ML System Design
A bank asks a suspicious legal entity for PDF statements from other banks. Design how ML can extract compliance value from those statements.
Ответить самому
Сначала сформулируйте ответ как на собеседовании, затем откройте разбор и оцените себя.
Короткий ответ
Frame the task as document-to-risk evidence: parse statements, extract counterparties and payments, compare against blacklists and observed activity, then produce interpretable signals for compliance decisions.
Полный разбор
Start by clarifying the decision. The bank is not merely classifying a PDF; it needs evidence for whether a legal entity should remain serviced, whether more documents are needed, or whether the case should escalate to compliance.

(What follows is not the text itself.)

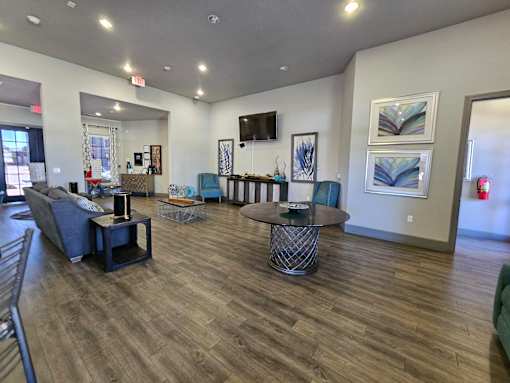 A spacious living room with a dark wood floor and furniture.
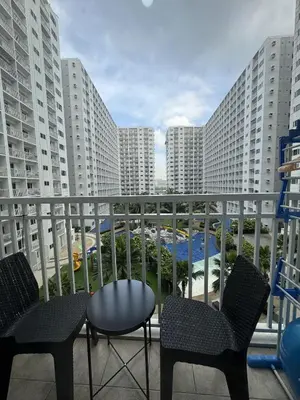 a balcony with chairs and tables and buildings at Shore Oasis Manila Near Mall of Asia in Manila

Useful outputs include counterparties, INNs, payment purposes, transaction amounts, dates, turnover shares, suspicious counterparties, activity categories and differences between activity in the external bank and activity observed internally. The system should produce structured evidence and confidence, not only a binary verdict.
Constrain the first version. Assume text PDFs rather than scanned images, legal entities rather than individuals, and honest documents if that is the interviewer's scope. Then design a pipeline with extraction, validation, risk aggregation, human review and monitoring because compliance needs traceability and low false-negative risk.
Теория
MLSD cases in regulated domains should begin with the decision, evidence and constraints before model choice.
Типичные ошибки
- Jump straight to an LLM classifier over the whole PDF.
- Ignore legal-entity specificity and mandatory fields.
- Return a black-box risk score without evidence.
- Forget that the regulator and the bank can both make errors.
Как отвечать на собеседовании
- Clarify whether the PDF is text or scanned.
- Say that the output must be interpretable for compliance managers.